These size-dependent effects of the von Kármán vortex street derive from the relative timing of contact of the bird with pairs of counter-rotating vortices. For the vortex street generated by the smaller cylinders in this study, two vortices of alternating sense present themselves more synchronously to the bird's body and wings, and tend at least partially to offset one another (figure 1a,c). By contrast, larger shed vortices interact individually and alternately with the flying hummingbird (figure 1b,c), resulting in strong bilaterally asymmetric local flows and requiring much more variable wingbeat kinematics to effect compensation. Intriguingly, intermittent tail spreading also was more frequent under such conditions, suggesting a role for damping of body oscillations [27]. Similar size-dependent effects of flight within vortex streets were also observed for hawkmoths while feeding at lower airpeeds, up to 2 m s−1 [30]. In this case, however, changes in wingbeat kinematics were shown to decrease with increasing downstream distance from the generating cylinder, in accordance with the well-known rapid decay of the von Kármán vortex street at higher Re [31] (figure 1c). As with orchid bees [26], moths flying in turbulent flows exhibited reductions in maximum flight speed, suggesting limiting effects on either flight control or power expenditure [30].

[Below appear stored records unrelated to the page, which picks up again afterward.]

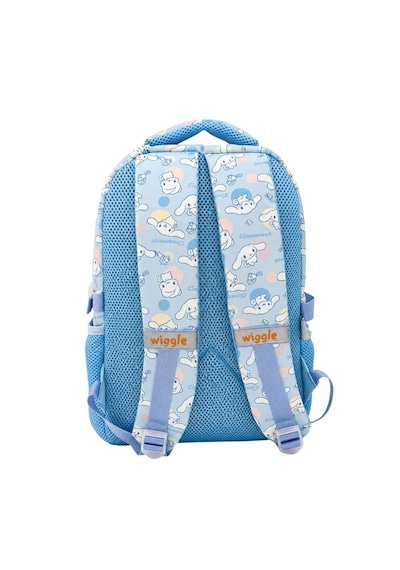 Cinnamoroll Okul Çantası 3656 Mavi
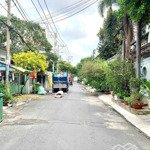 Bán nhà mt đường b (khu adc) q. tân phú. lh điệp 0903070684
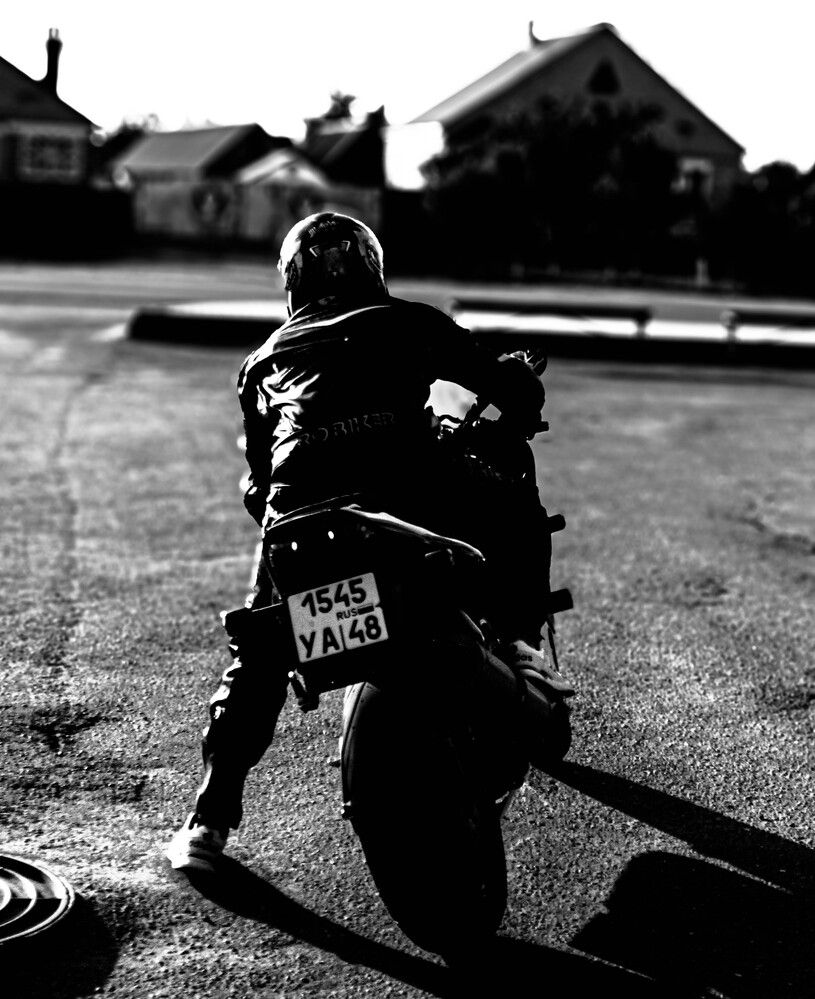 Photograph by Полина Раевская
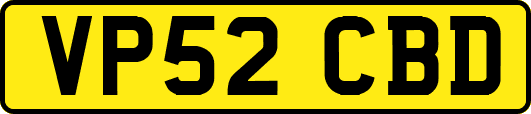 VP52CBD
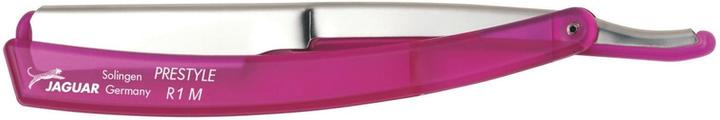 Actual product image Jaguar Razor R1 M pink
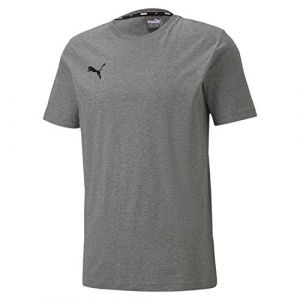 Puma TeamGOAL 23 Casuals T-shirt Hommes - Gris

Overall, the effects of such unsteady flows on flight control and energetics correlate positively with turbulence intensity and with the size of vortical structures. Animals flying within turbulent flows characterized by length scales similar to a wingspan or more, or flying at downstream distances close to the physical source of perturbation (i.e. less than 10 times the bluff-body diameter; figure 1c) will need to implement chronic and potentially costly course corrections. Alternatively, benefits can sometimes derive from station-keeping within the immediate recirculation zone, a region where the mean streamwise velocity is directed upstream and where the transverse velocities are directed to flow's midline (figure 1c) [28]. Although well documented for fish [32], it is unclear if there are any ecological circumstances in which such advantages might pertain to volant taxa. For small insects, however, such recirculating flows can be high relative to typical airspeeds (see electronic supplementary material, Video S1). Flight near and through vegetation for these animals may be much more influenced by local flow fields and wind regimes than we currently appreciate.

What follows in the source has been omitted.